==== Records for this exercise

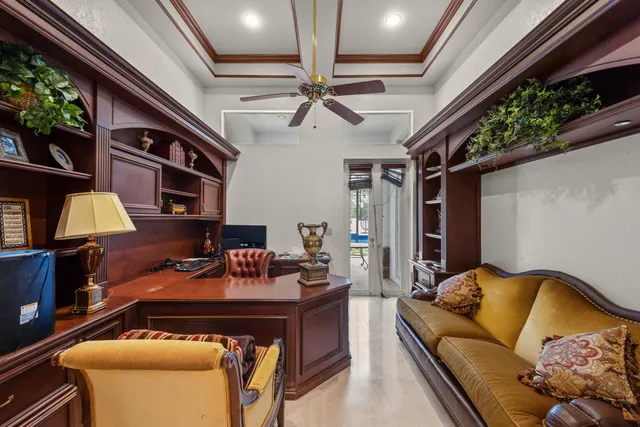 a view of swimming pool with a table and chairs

========
==== Records for this exercise

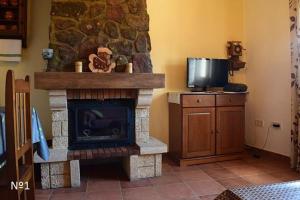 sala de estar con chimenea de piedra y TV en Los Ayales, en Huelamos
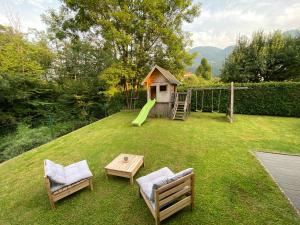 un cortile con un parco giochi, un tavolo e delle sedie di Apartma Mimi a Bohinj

========
==== Records for this exercise

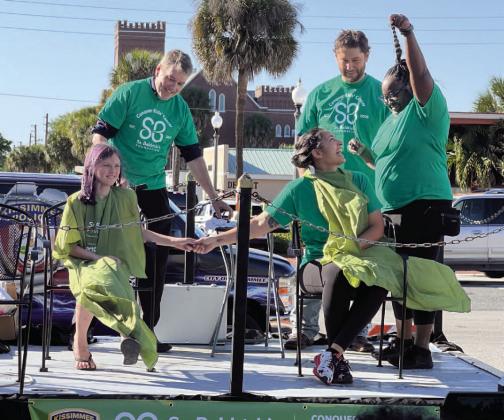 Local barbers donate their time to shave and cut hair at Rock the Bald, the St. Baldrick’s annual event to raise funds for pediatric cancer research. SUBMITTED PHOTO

========

Exercise directions -
Return only the part above that opens with the line containing "sala de estar" and closes with the line containing "un cortile con", exactly and with both ends, skipping the pictures.

Answer to this task -
 sala de estar con chimenea de piedra y TV en Los Ayales, en Huelamos
 un cortile con un parco giochi, un tavolo e delle sedie di Apartma Mimi a Bohinj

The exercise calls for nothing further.